I tried to draw a line between "Pakistani" and "Muslim" youths, definitions not always interchangeable. In Walsall, the former have broken from the traditional way of life and emerged with a violent aggression directed at West Indians.

This is what is really new: the depth to which some British Asians have sunk in their unbridled hostility to those who were once fellow immigrants. The old adage stands: you become - if only in part - that which you fought against. It is not inevitable, but only progressive and radical thinking protects you against the peril. For example, I remember that during the age of black militancy all the old immigrant groups were comfortable with the definition "black". But our friends from the Indian subcontinent came to prefer "brown" and "Asian", which put them nearer to whites in the colour coding.

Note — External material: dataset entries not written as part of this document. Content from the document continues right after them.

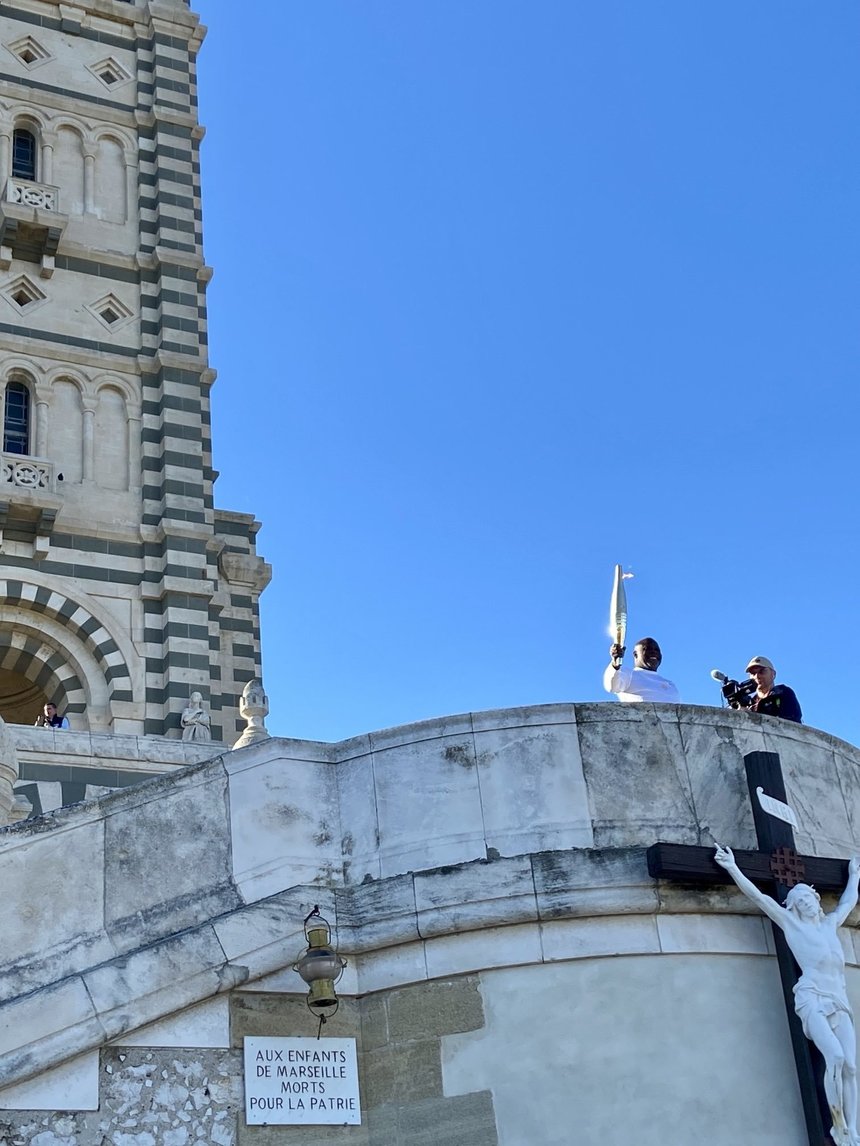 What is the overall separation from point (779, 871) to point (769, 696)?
257 centimetres

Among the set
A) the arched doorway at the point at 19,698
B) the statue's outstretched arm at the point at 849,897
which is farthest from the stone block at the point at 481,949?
the arched doorway at the point at 19,698

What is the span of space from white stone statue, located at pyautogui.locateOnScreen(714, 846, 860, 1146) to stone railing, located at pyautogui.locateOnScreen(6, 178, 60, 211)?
20.9 m

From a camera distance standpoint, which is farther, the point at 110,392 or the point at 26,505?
the point at 110,392

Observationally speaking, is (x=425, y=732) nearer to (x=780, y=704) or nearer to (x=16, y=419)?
(x=780, y=704)

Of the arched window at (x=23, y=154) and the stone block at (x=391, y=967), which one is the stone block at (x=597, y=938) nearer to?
the stone block at (x=391, y=967)

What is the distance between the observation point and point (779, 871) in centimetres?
1234

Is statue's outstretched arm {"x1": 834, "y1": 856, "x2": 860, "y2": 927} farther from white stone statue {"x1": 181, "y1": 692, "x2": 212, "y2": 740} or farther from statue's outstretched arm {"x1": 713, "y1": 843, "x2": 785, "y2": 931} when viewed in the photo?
white stone statue {"x1": 181, "y1": 692, "x2": 212, "y2": 740}

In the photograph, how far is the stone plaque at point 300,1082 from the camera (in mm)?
11430

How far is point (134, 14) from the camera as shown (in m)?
33.1

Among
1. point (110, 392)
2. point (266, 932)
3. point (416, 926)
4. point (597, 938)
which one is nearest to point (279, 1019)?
point (266, 932)

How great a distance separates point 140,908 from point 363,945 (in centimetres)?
153

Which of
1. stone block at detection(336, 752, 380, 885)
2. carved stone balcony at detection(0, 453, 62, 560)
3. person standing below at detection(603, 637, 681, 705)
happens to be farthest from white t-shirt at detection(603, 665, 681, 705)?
carved stone balcony at detection(0, 453, 62, 560)

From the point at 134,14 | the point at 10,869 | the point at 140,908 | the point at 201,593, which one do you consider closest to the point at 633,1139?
the point at 140,908

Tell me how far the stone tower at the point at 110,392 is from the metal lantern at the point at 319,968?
1499cm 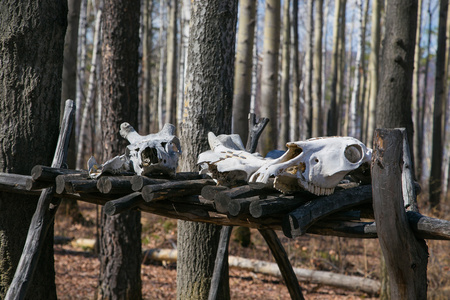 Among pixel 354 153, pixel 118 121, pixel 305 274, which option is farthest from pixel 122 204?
pixel 305 274

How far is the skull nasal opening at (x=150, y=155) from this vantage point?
10.0 ft

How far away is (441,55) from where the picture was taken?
1125 cm

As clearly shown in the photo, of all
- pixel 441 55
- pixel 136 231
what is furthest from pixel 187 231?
pixel 441 55

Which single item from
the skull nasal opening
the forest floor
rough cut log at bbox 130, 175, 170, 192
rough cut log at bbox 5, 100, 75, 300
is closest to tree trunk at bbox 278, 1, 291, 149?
the forest floor

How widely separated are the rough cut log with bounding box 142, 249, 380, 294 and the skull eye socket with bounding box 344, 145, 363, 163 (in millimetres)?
Result: 4536

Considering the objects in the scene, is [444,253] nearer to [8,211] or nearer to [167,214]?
[167,214]

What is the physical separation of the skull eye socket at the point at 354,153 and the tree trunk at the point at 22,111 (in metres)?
2.52

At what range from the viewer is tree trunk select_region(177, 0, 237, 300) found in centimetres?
429

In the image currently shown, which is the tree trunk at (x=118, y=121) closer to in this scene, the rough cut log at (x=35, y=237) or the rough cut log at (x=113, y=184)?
the rough cut log at (x=35, y=237)

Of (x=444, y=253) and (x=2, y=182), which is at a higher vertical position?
(x=2, y=182)

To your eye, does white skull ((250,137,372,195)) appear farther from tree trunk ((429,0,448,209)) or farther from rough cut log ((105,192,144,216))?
tree trunk ((429,0,448,209))

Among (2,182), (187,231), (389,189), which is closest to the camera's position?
(389,189)

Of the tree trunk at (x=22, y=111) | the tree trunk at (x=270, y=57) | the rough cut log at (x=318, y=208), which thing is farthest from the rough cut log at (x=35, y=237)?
the tree trunk at (x=270, y=57)

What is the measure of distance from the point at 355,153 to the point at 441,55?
9.89 metres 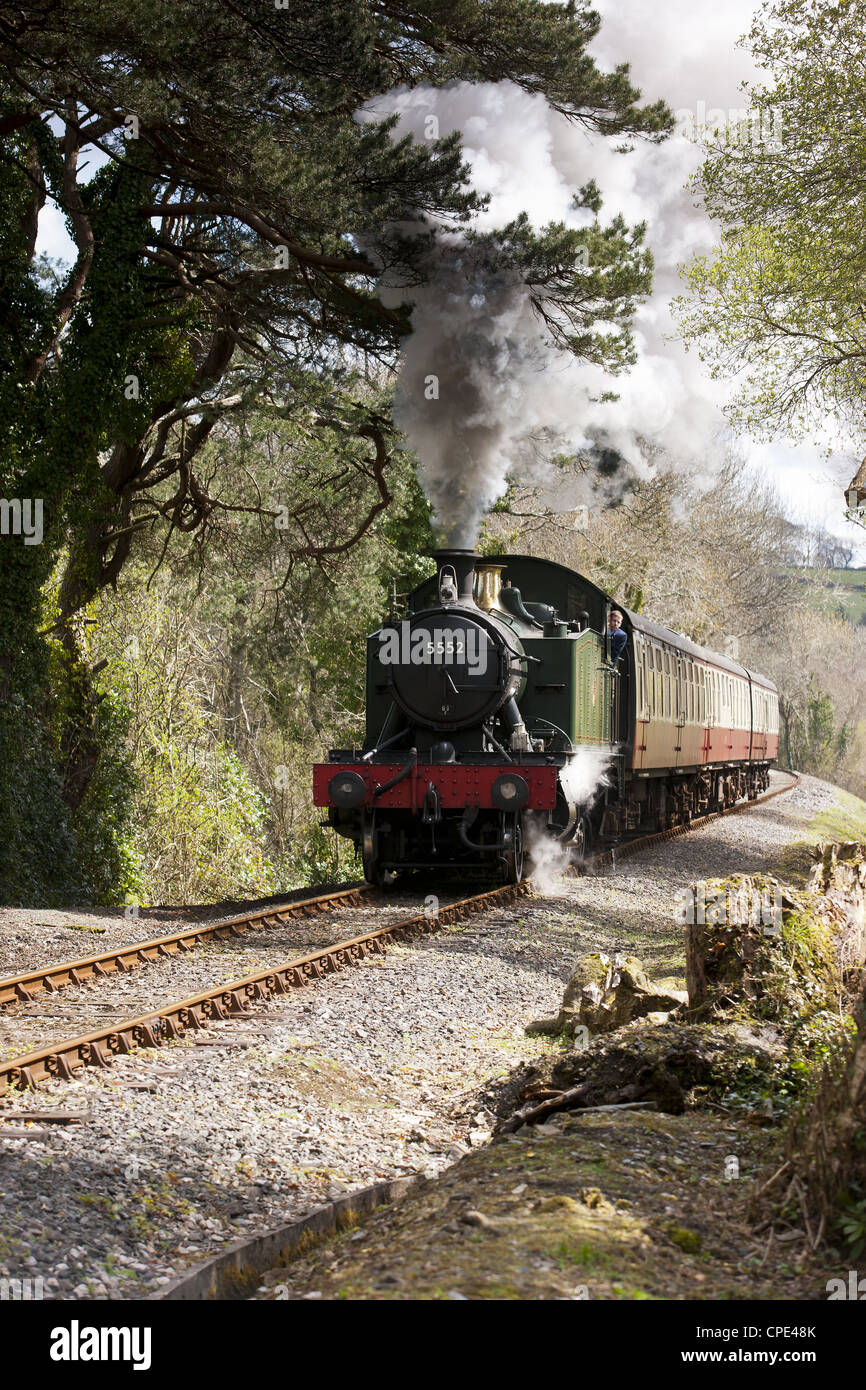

Now, young Pakistani men have gone further and demand that they be referred to as Pakistanis, which by inference includes Islam, and implies a lighter shade of brown. This hierarchy of skin colour presumes that all Caribbeans are darkies, which places us at the bottom of the pile. It is a miserable process. Take the racial garbage spewed forth against West Indians in Handsworth. Add the stench of decay from the mouths of Caribbean people in their tirades against Somalis. We are all consumed.

Some claim the film ought not to have been aired. They include Nitin Sawhney, pioneer of a music that mixes drum'n'bass with qawwali. I could understand his grief: fusing the music presupposes a fusion in society. The current conflict between West Indians and Pakistanis in Walsall undermines his life's work. They also include Shahid Malik, who is on the Labour Party's National Executive Committee and has found a safe seat in Dewsbury. His response to the programme was to charge me with incitement to racial hatred. My reply is as follows: the programme represents the truth, the whole truth and nothing but the truth. Once the various communities accept this, we are halfway to solving it.